Biggest construction project in Clifton's business district in decades takes first step forward

Posted at 7:00 AM, Apr 19, 2017
and last updated 2017-04-19 10:48:04-04

CINCINNATI -- Clifton's historic business district, which draws moviegoers to the Esquire Theater and sweet teeth to Graeter's second-oldest ice cream parlor, could see its first major new construction in decades if plans for a retail and apartment complex are carried out.

Gaslight Property, which is based in Clifton, has signed a contract to buy the 91-space merchant lot on Howell Avenue from the Clifton Business & Professional Association. If the deal closes, the business association would receive $50,000 up front and monthly payments for 50 years.

Gaslight previously purchased three single-family homes adjacent to the lot, which would be razed to make way for the complex.


Three homes on Howell Avenue near Ormond, which are currently renter occupied, would be razed for the new development. Photo by Bob Driehaus | WCPO


Gaslight agreed to provide 91 parking spaces somewhere on the property during construction and to provide 150 parking spaces to the public for 50 years after the project is completed.

The merchant lot serves businesses along Ludlow Avenue where street parking spaces can be scarce.

The project would be the first large, new commercial construction near Ludlow Avenue since the Esquire movie theatre expanded in 1999.

"I think it's great. It's an excellent segue between Clifton Market and that part of the Gaslight district," said Lydia Stec, president of the Clifton Business association and owner of Lydia's on Ludlow cafe.

David Taylor and Rob Taylor, owners of Gaslight, could not be reached for comment.

Two proposals have been floated for the property in recent months, both involving 80 apartments above a parking garage.

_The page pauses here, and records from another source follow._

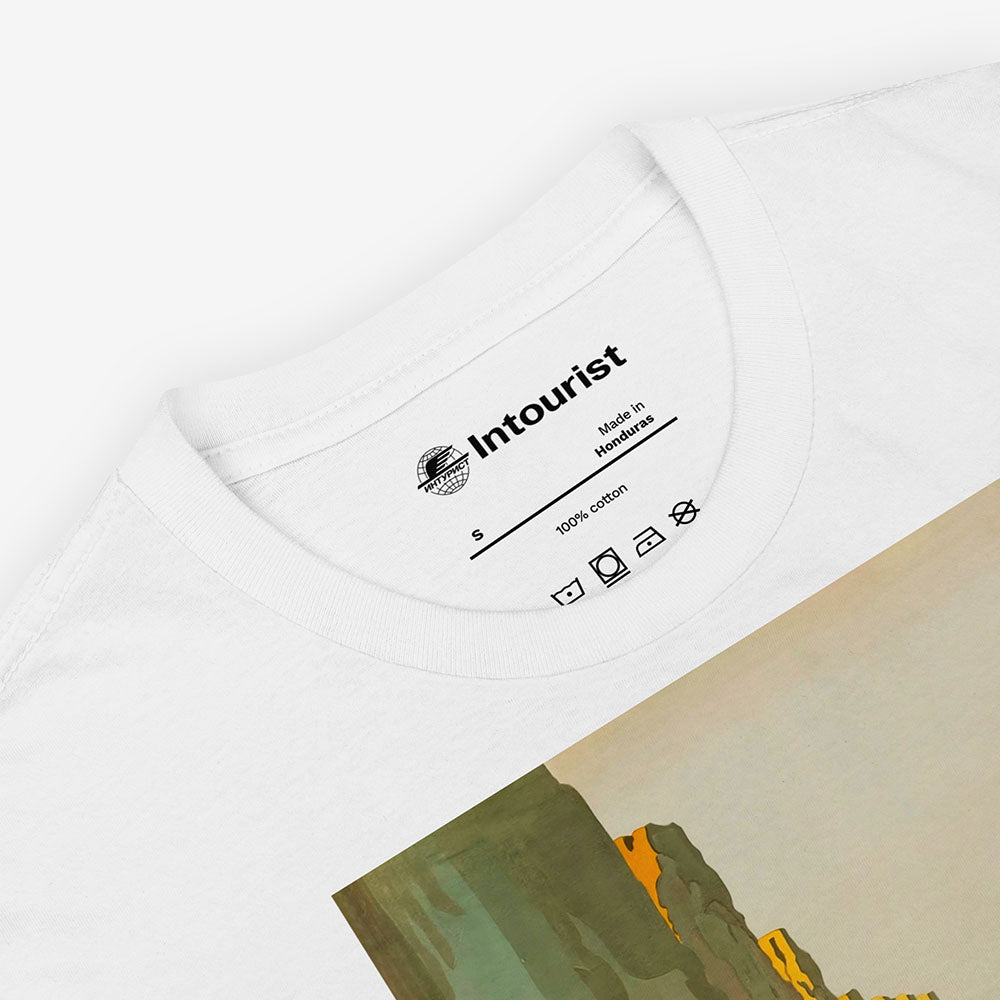 Georgian Military Highway T-shirt by Zhitomirsky, 1939 Soviet poster art print on unisex cotton shirt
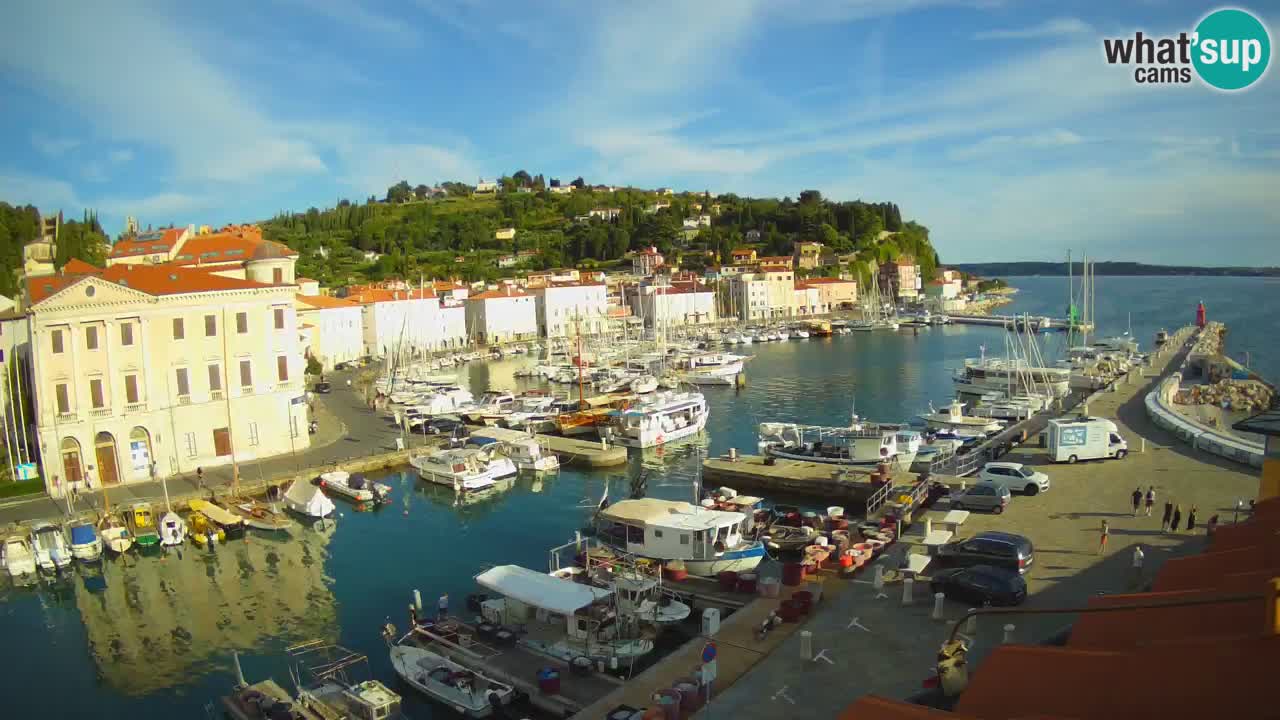 Live-Webcam aus Piran “Mandrač” – Erstaunliche Live-Ansicht von Villa Piranesi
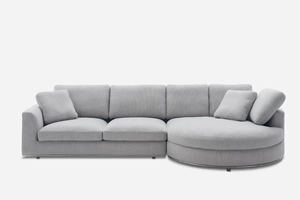 Ensemble de meubles de salon modernes de luxe, modulaires en tissu avec rembourrage en éponge pour appartement - Product Image 3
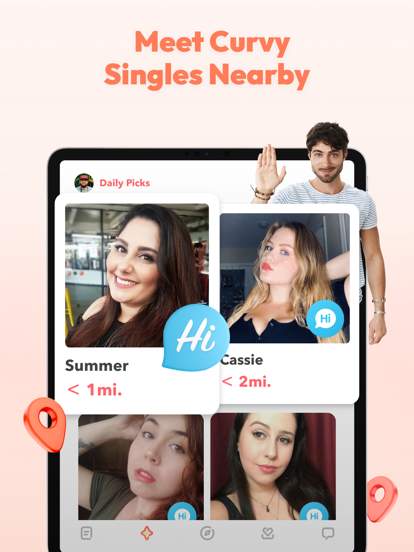 Dating, Meet Curvy - WooPlus screenshot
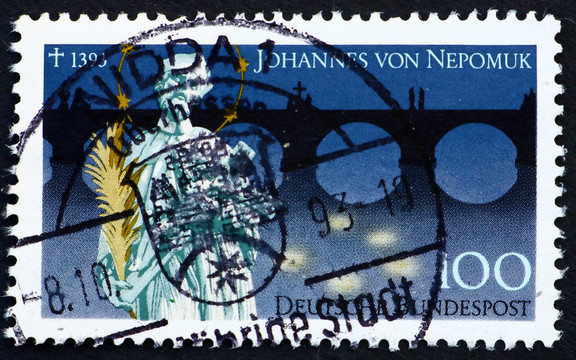 郵票德國1993圣John of Nepomuk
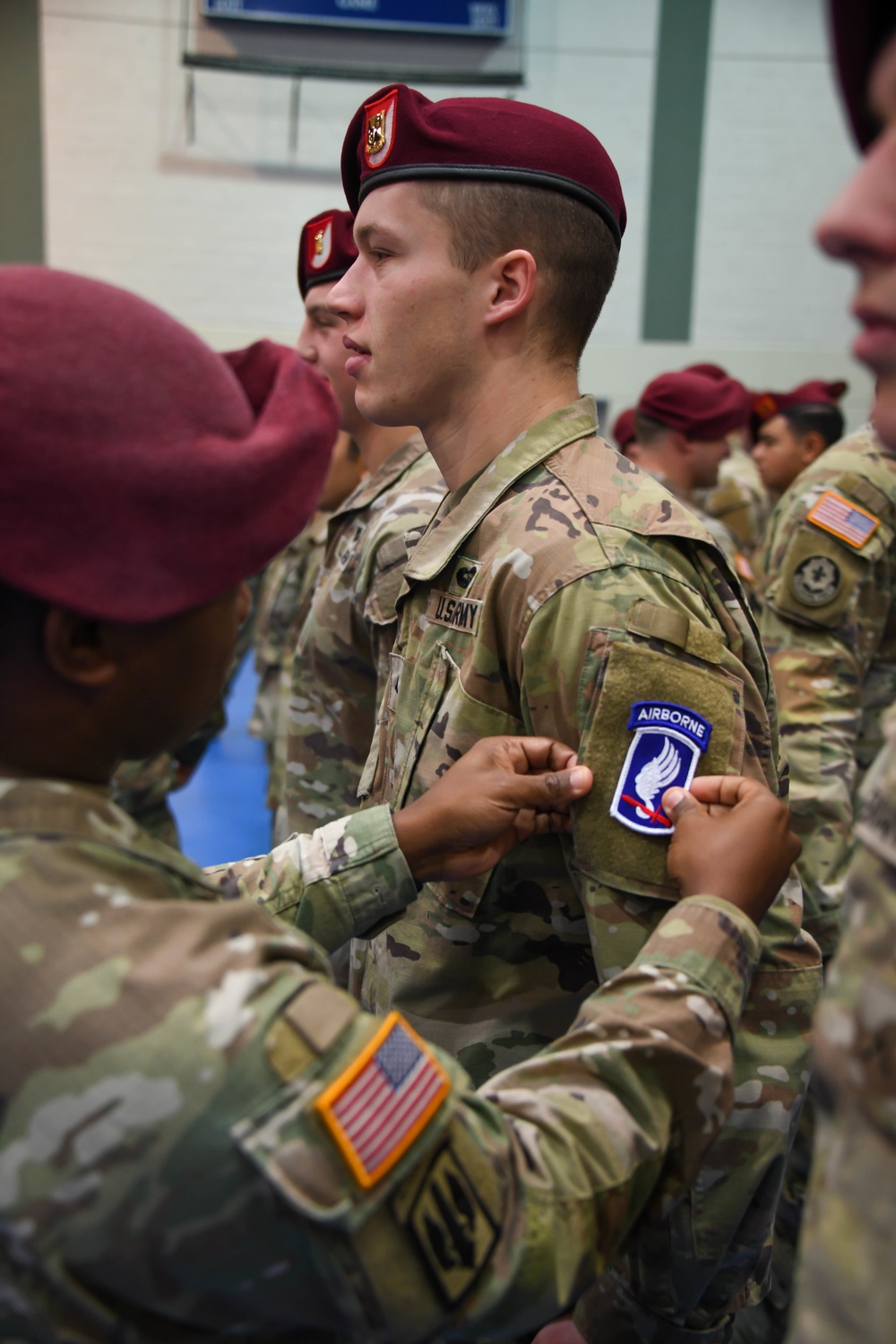 Sky Soldiers conduct Patching Ceremony
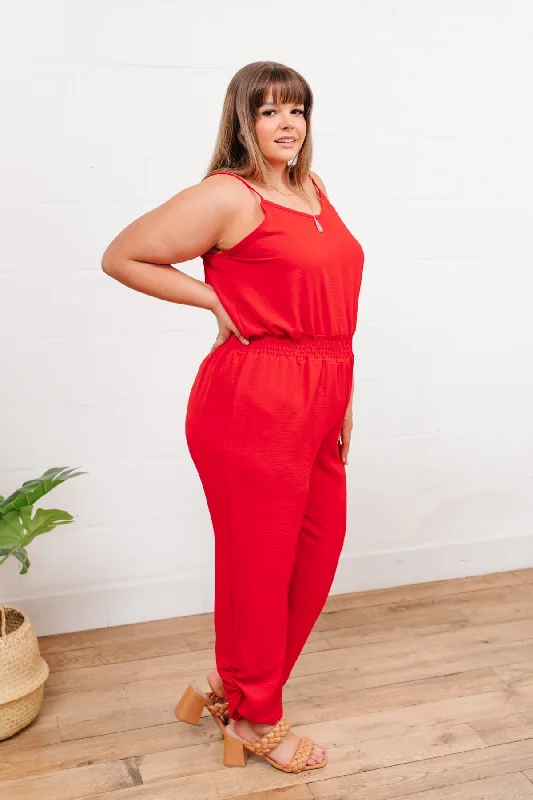 Livin' The Dream Jumpsuit in Red Wide leg black jumpsuit, Elegant, Formal wear, Chic Livin' The Dream Jumpsuit in Red Wide leg black jumpsuit, Elegant, Formal wear, Chic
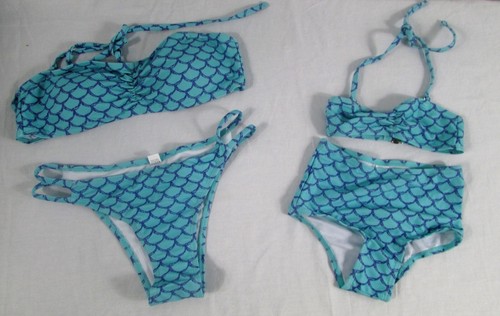 3-Pc. Mermaid Bikini Set for Mom and Me, Adult Sz Med and Youth Sz- 3T By PatPat - Picture 3 of 14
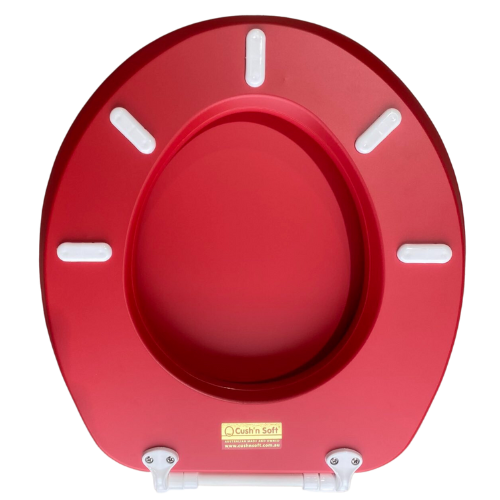 Cush'n Soft Red Padded Toilet Seat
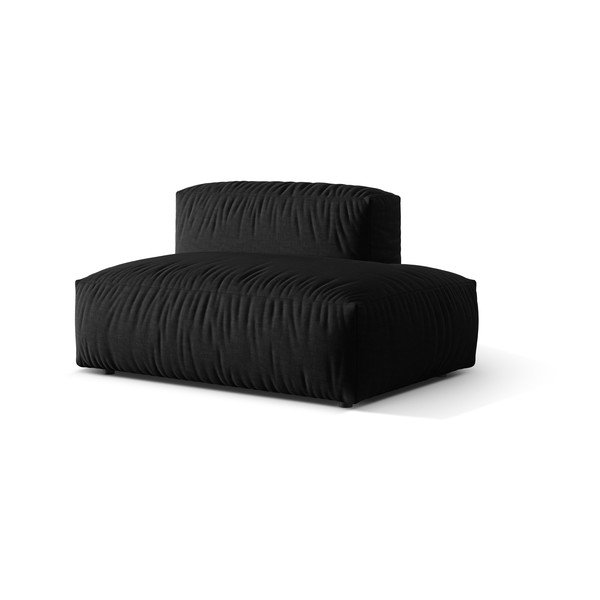 Czarny moduł sofy (prawostronny) Martina – Micadoni Home-image-2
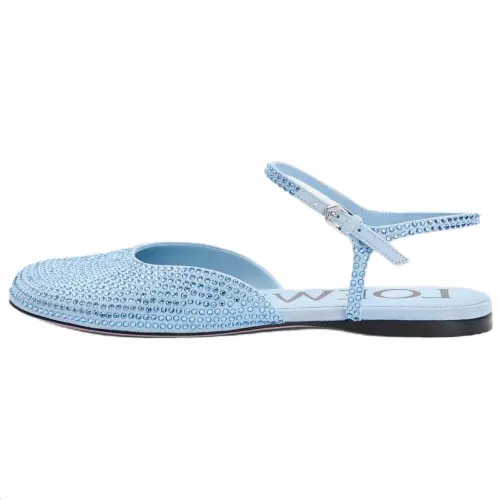 LOEWE Toy Sheepskin Casual Shoes Women's Baby Blue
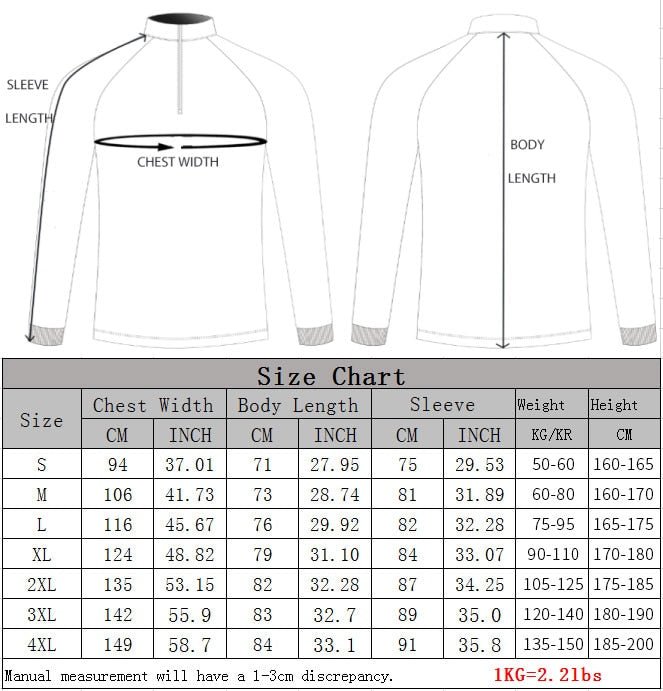 Breathable Fishing Shirt Long Sleeve Quick Dry Big European size Fishing Jerseys Sun UV Protection fishing t shirt for Men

Michael Burrill, a community and transportation planner, created a conceptual plan in March for 80 apartments, 136 parking spaces and community space.

GBBN presented a plan for 80 apartments and a larger above-ground parking area.

Gaslight did not provide detailed plans to the business association for its complex, but Stec was heartened that Gaslight was the interested developer.

"They are from the neighborhood, so they have the interest of the neighborhood and the neighbors in mind," she said. "They are very open to hearing input from the community."

Stec said the complex could be taller than the historic buildings on Ludlow Avenue, but she is hopeful that it will be designed in a way that looks proportional to existing buildings.

"It will be really beautiful the way they'll make it fit into the neighborhood. It's going to be easy for the residents to be able to get to Ludlow to walk through," she said. "From my observation, I don't think (the height difference) is going to be some big noticeable thing.

Stec believes the complex would increase sales at existing businesses like hers with new residents in the building.

Concern about the construction and scale

Adam Hyland, vice president of the business association and president of Clifton Market, wanted more time before selling the lot to study the effects that the project might have on parking and traffic.

The fledgling Clifton Market, which opened in January, borders the merchant lot.

The ticket booth for the merchant lot, with Clifton Market's green walls in the background. Photo by Bob Driehaus | WCPO

Business owners and residents are counting on the market to anchor the business district and to create foot traffic. The supermarket stood empty for six years after Keller's IGA closed.


"From the market standpoint, we would have liked to have seen more discussion with us regarding the possible impact of the project, but there was very little interest to have a long dialog about possible impacts," Hyland said.

"Is it concerning? Yes. But in the long run can it be a benefit to Clifton Market? Absolutely. What happens in between is the question," Hyland said.

Zoning change needed

Gaslight will need Cincinnati to approve a zone change to create the mixed-use development, which will give residents and other interested people a forum to express their views about the project.

Hyland hopes Gaslight sits down with community members to address any concerns and that the project can move forward collaboratively.

"I think there is a win-win scenario," he said. "My concern is that people are too interested in getting it done and not doing what's right by the community."

Without sitting down and talking, the project could "devolve into a big grudge match and nothing gets done," Hyland said.